I already know that this is an encoding issue but as far as i can see everything is / should be utf-8 and utf-8 should be able to display ä,ö,ü, right?

I have already checked a lot of possible solutions here but did not find any solution. When i open the file with notepad++ i got the same strange problem with the diamonds (even when i try to change the encoding - then it changes to a rectangle). - so its the file?

nope then when i open the csv file on my iphone (inside mail app) the special chars ä,ö,ü are displayed correctly.

what i have tried so far was different mb_convert_encoding solutions from different stack overflow solutions but none of them worked.

I think really something is not correct with this file but why the iPhone is able to render the content correctly?

Can someone with more know how please check the file and tell me what i can do to import / use its content with PHP and get rid of those encoding issue?

Header is set to UTF-8 via header('Content-Type: text/html; charset=utf-8');

in terminal "file -I file" returns UTF-8

i've tried two servers (my mamp with php7.3.1 & webserver with php7.x)

I'm sorry but i do not post every link of every question i've checked here and on other platforms from the past three hours. And yes of course i have already checked plenty of infos and comments on php manual (fgetcsv, mb_encode / check , utf8_encode / decode... and so on) but did not found the needle which solves my issue.

lastly i've checked my string (from file gets content) against this function: https://www.php.net/manual/de/function.mb-check-encoding.php#95289 which returns FALSE.

and now nothing makes sense anymore.

the code to reproduce is very simple:

$content = file_get_contents($url);
var_dump($content);

how can we display the special chars as ä,ö,ü and not as black diamonds with questionmarks.

Update

Based on your analysis i have checked what exactly happens about file saving.

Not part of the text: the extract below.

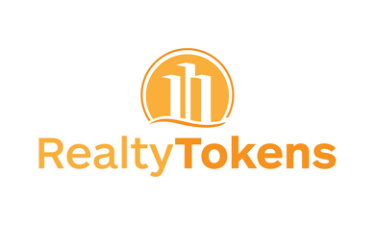 RealtyTokens.com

first: i receive the csv by email and as far as i can see it is in iso-8859-1

the iOS Scenario looks so: i open the mail in the mail app and display the csv directly inside the mail app --> all fine. Next i exported the file by mail app into my onedrive --> check to open the file on the phone --> all fine. Now i am able to check for the charset on my mac via file -I and it is iso-8859-1 .

When i am now try to use this file and php's utf8_encode --> all is good.

So now i had to understand what went wrong before, for that here is the MacOS scenario:

I open the (same) mail and save the same src file onto my harddrive, a quick check with file -I now gives me UTF-8 as charset.

On a windows machine with outlook, save file, open in notepad the characters are replaced: ä=>d, ü=>|, ...

I think right now - that the person which sends us this csv has to export the file as utf-8, for me it looks like its iso-8859-1 and the computers are do some weird stuff while saving the file is that possible?

This response may be a bit meandering, but hope it provides useful info. I'm running these commands on an ubuntu workstation in a terminal window.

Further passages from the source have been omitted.